In the entries below, find the line with "casa indipendente in vendita a Liscate" and the line with "๐ ROMEO & JULIET DRESS - Picture 7 of 8", then retype both and everything between them exactly. Do not copy the pictures.

Data for this task:
═══

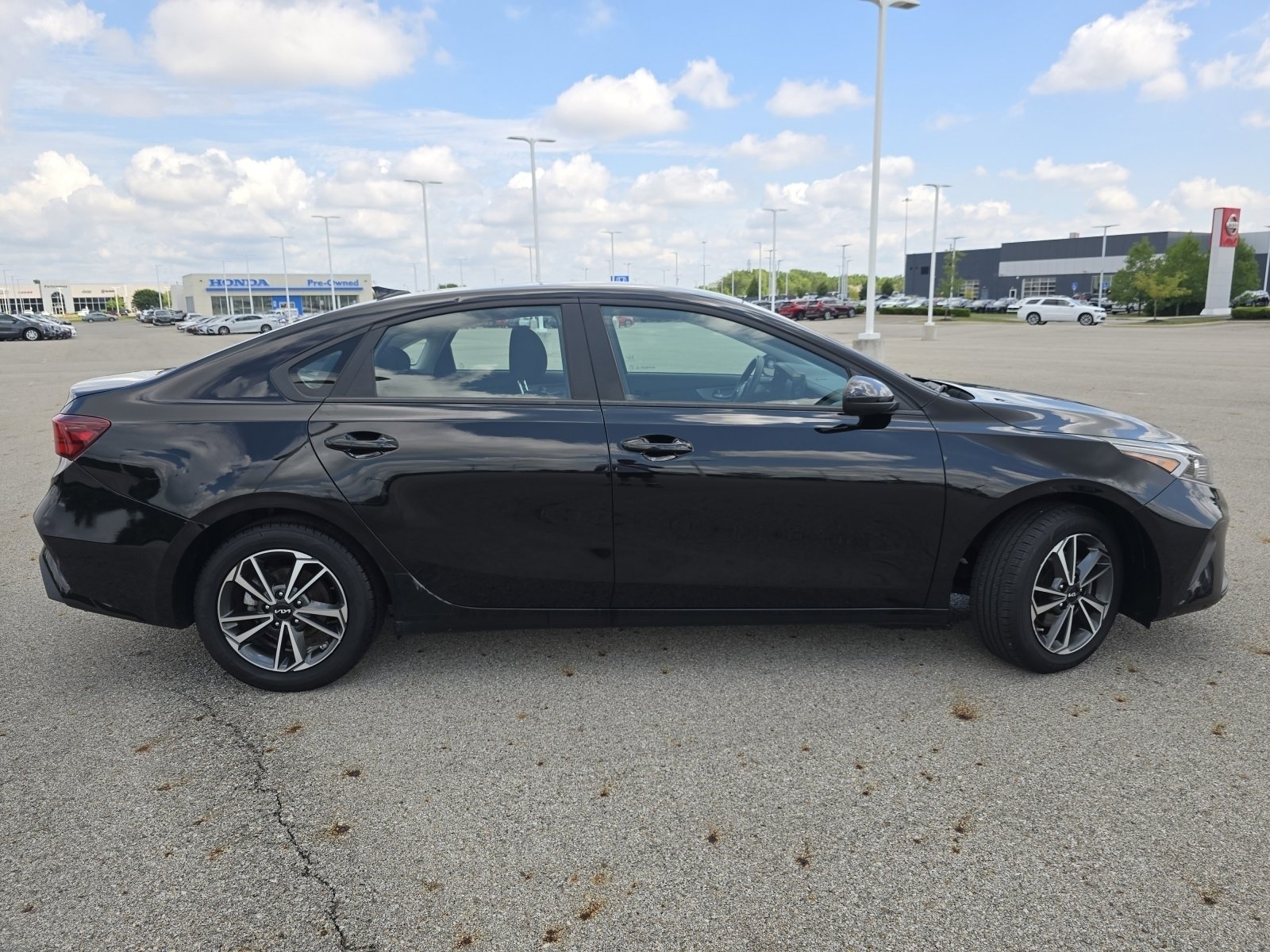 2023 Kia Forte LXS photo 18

═══

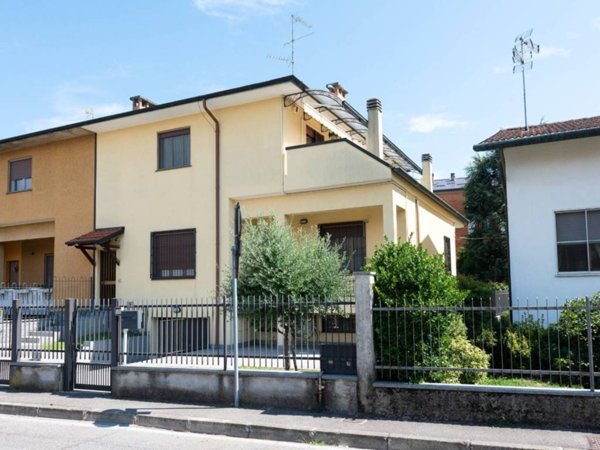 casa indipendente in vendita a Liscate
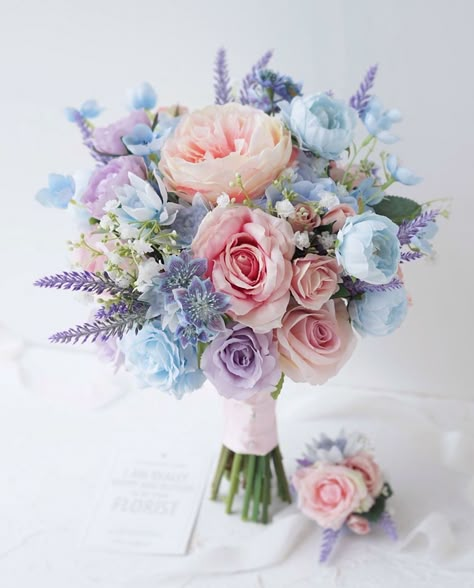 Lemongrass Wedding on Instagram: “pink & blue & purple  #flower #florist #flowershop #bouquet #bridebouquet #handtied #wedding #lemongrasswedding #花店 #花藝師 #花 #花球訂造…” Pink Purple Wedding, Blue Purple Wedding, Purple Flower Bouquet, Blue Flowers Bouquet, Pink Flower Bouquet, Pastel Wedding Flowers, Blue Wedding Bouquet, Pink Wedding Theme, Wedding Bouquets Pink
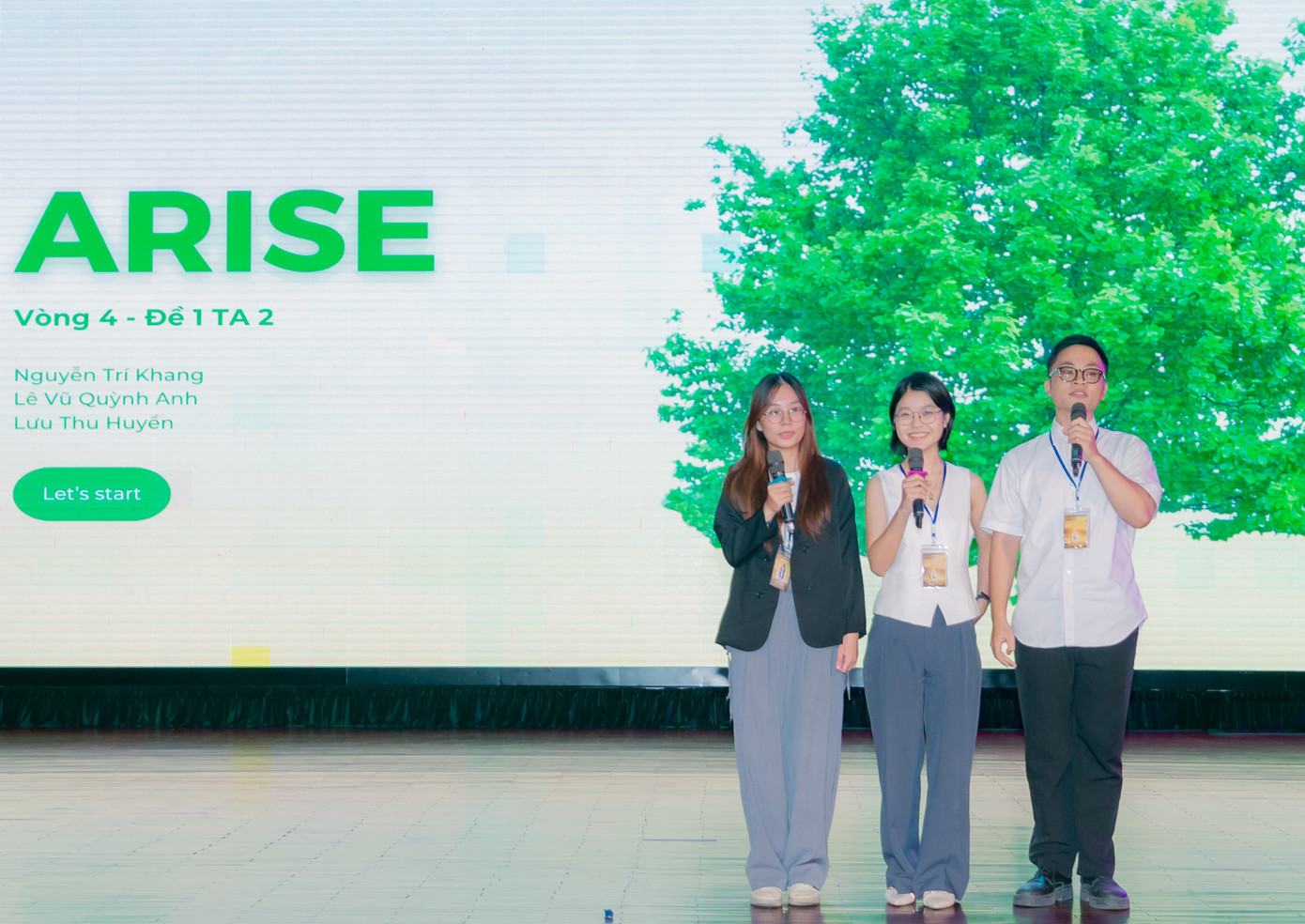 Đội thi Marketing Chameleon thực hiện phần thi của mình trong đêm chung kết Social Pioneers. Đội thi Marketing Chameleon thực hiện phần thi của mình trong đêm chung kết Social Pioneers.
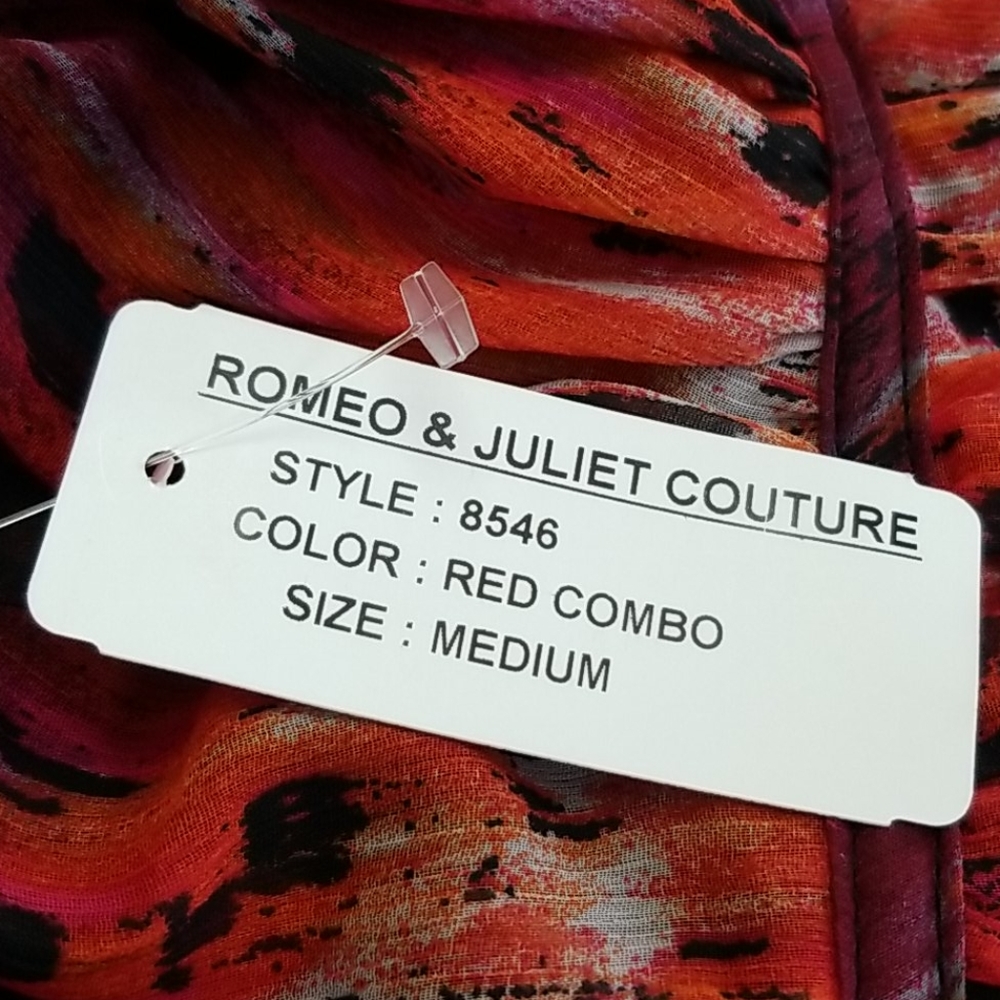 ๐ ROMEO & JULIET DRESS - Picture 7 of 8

═══

Output of the exercise:
 casa indipendente in vendita a Liscate
 Lemongrass Wedding on Instagram: “pink & blue & purple  #flower #florist #flowershop #bouquet #bridebouquet #handtied #wedding #lemongrasswedding #花店 #花藝師 #花 #花球訂造…” Pink Purple Wedding, Blue Purple Wedding, Purple Flower Bouquet, Blue Flowers Bouquet, Pink Flower Bouquet, Pastel Wedding Flowers, Blue Wedding Bouquet, Pink Wedding Theme, Wedding Bouquets Pink
 Đội thi Marketing Chameleon thực hiện phần thi của mình trong đêm chung kết Social Pioneers. Đội thi Marketing Chameleon thực hiện phần thi của mình trong đêm chung kết Social Pioneers.
 ๐ ROMEO & JULIET DRESS - Picture 7 of 8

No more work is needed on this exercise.